The present invention relates primarily to a sport shoe for use in any sport activity, although the shoe construction disclosed herein can be employed in any type of shoe. The inventive concept involves use of a frame system, or a structural frame, that protects the users feet, by providing a shock absorbing structure not only to user's body but also, and principally, to the user's feet. Prior art sport shoes have elasticity or flexibility in the shoe sole area, which protects the user's body, but does not protect, in an adequate or thorough way, the user's feet. As a result, the bones of the feet must act as a support and perform an absorbing function. Conversely, and as an improvement when compared to the existing state of the art, the sport shoe of the present invention aims at protecting, in accordance with its inventive concept, not only the user's body but principally the users feet, i.e., bones, muscles, nerves, etc., thereof.

The present invention is generally characterized in a shoe including an upper made up of any suitable material, such as leather, natural or artificial fabric, and a structural frame composed of an Insole affixed to the upper, a frame affixed to the insole and including front and rear cutouts, and a sole made up of three separate parts affixed to the frame, two of the parts having cutouts corresponding respectively to the front and rear cutouts in the frame. The insole is preferably positioned adjacent and just below the upper, being fixed thereto with glue. The insole can be manufactured from any suitable material but is preferably manufactured from materials which, are similar or equivalent to ethyl vinyl acetate or polyurethane in terms of their resiliency and shock absorbing characteristics. The frame is preferably positioned adjacent and just below the insole, being fixed thereto with glue and manufactured from any suitable material with firmness, high flexibility and impulse amplitude and shock absorbability. Preferably, the frame is manufactured from a material similar or equivalent to a compound made up of plastic material including nylon and Pebax (a nylon and polyurethane mixture), or a compound made up of carbon fiber, or Keviar, aiming at firmness, high flexibility and impulse amplitude and shock absorbability. The sole preferably includes separate front, rear and intermediate parts. The intermediate part of the sole is preferably formed with a cutout which coincides with the front cutout of the frame, The rear part of the sole is preferably formed with a cutout which coincides with the rear cutout of the frame. The front part of the sole preferably forms a toe-cap, with the front, rear and intermediate parts of the sole preferably being fixed to the frame with glue and manufactured from similar or equivalent materials to rubber, aiming at adherence, friction, traction and durability.

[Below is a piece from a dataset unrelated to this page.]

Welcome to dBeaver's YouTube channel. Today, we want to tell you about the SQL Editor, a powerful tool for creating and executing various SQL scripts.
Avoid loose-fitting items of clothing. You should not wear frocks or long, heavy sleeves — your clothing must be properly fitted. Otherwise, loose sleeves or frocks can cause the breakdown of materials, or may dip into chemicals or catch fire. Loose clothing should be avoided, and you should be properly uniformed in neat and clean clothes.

The invention will be better understood and appraised by way of the enclosed drawings, referred to by figures briefly described as follows, when examined along with the description below.

FIG. 1 is an exploded perspective view of a shoe according to the present invention.

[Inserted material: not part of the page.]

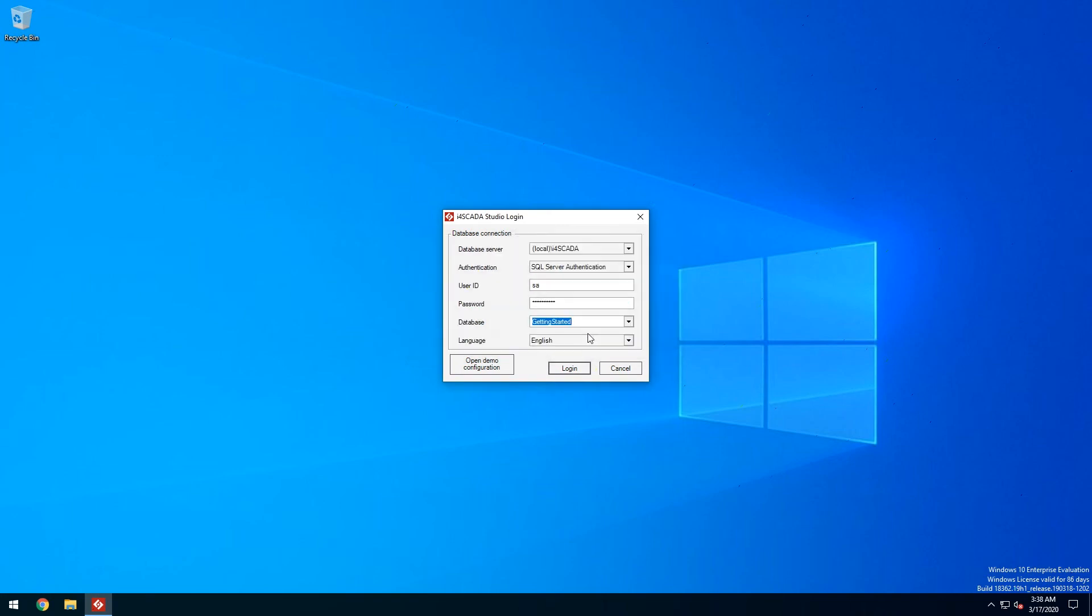The last option is the language selector. I'll keep it in English. Let's log in to open this new project in studio.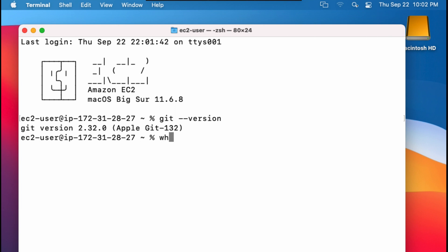You can also check to see where Git is installed by doing which Git. If Git is not installed on your system, you have a few options.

FIG. 2 is a perspective view of the shoe as seen from below.

FIG. 3 is a schematic rear view of a prior art shoe on a user's foot illustrating the pressure (shown by an arrow) exerted by the foot on the shoe.

FIG. 4 is a schematic rear view of a prior art shoe on a user's foot illustrating the resulting reactions (shown by arrows) of the impact resulting from the pressure shown in FIG. 3.

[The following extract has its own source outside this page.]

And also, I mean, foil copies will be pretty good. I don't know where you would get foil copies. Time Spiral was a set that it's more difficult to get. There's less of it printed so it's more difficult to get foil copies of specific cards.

FIG. 5 is a schematic rear view of a shoe according to the present invention on a user's foot illustrating the pressure (shown by an arrow) exerted by the foot on the shoe.

FIG. 6 is a schematic rear view of the shoe of FIG. 5 illustrating the resulting reactions (shown by arrows) of the impact exerted by the pressure shown in FIG. 5.

FIG. 7 is a schematic front view of a prior art shoe on a users foot illustrating the pressure made (shown by arrows) by a lateral impact as applied to the shoe and the resulting reactions.

FIG. 8 is a schematic front view of a shoe according to the present invention on a user's foot illustrating the resulting reactions when lateral pressure (shown by arrows) is applied to the shoe.

FIG. 9 is a schematic side view of a shoe according to the present invention on a user's foot illustrating flexion (shown by arrows) in the shoe when the user firms the foot for an impulsion, by applying pressure on the ground.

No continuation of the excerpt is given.